Provided material -
• • •

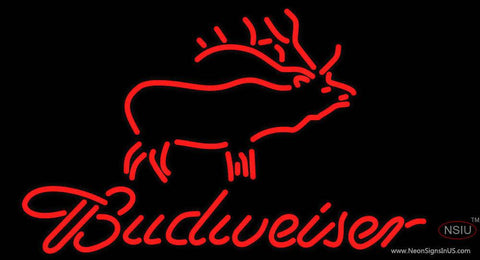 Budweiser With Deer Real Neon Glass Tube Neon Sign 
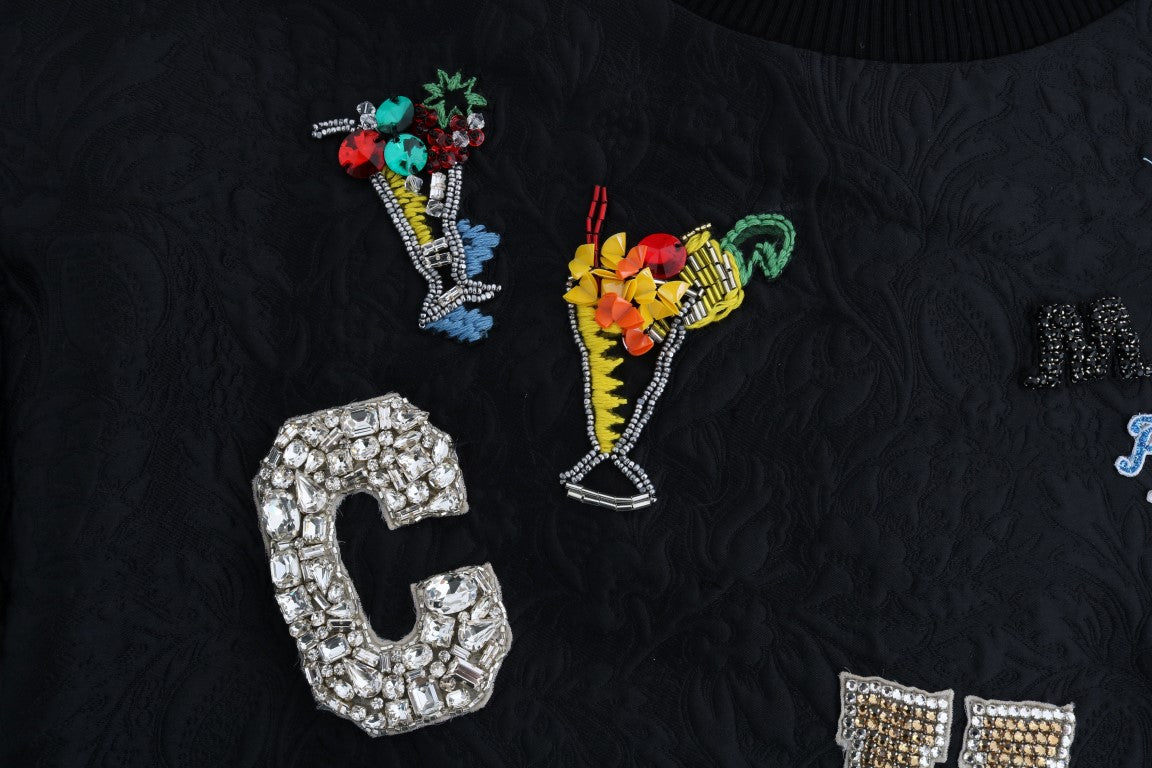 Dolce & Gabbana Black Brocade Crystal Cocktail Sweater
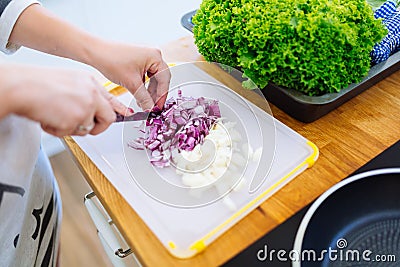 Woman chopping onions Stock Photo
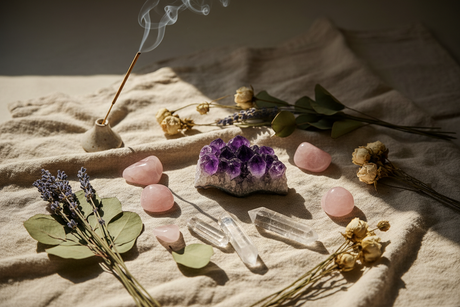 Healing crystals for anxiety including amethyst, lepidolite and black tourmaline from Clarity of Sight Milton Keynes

• • •

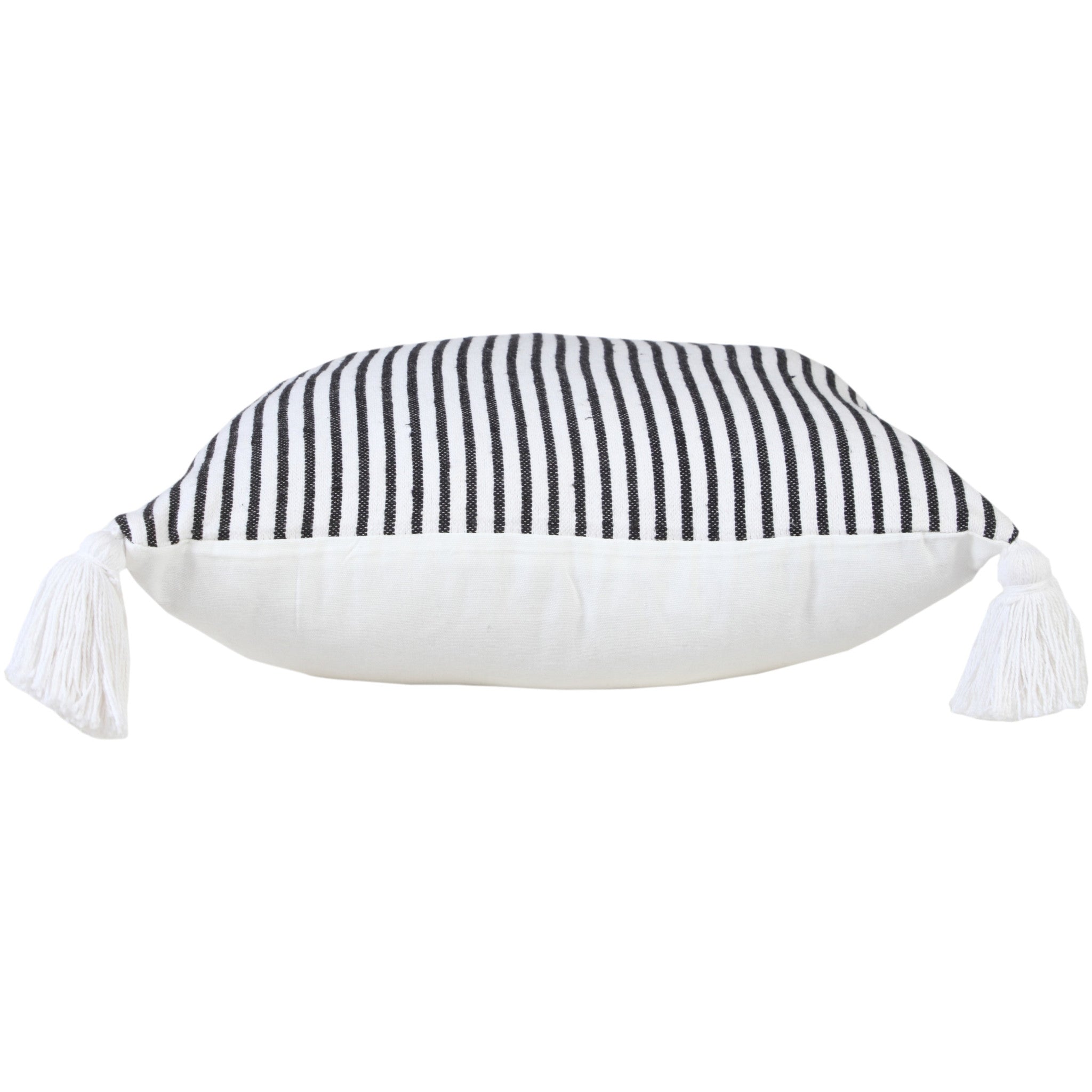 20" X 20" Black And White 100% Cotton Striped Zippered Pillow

• • •

Activity - Look above for the line containing "Budweiser With Deer" and the line containing "Healing crystals for", then reproduce both and everything between them exactly, pictures omitted.

Task answer -
 Budweiser With Deer Real Neon Glass Tube Neon Sign 
 Dolce & Gabbana Black Brocade Crystal Cocktail Sweater
 Woman chopping onions Stock Photo
 Healing crystals for anxiety including amethyst, lepidolite and black tourmaline from Clarity of Sight Milton Keynes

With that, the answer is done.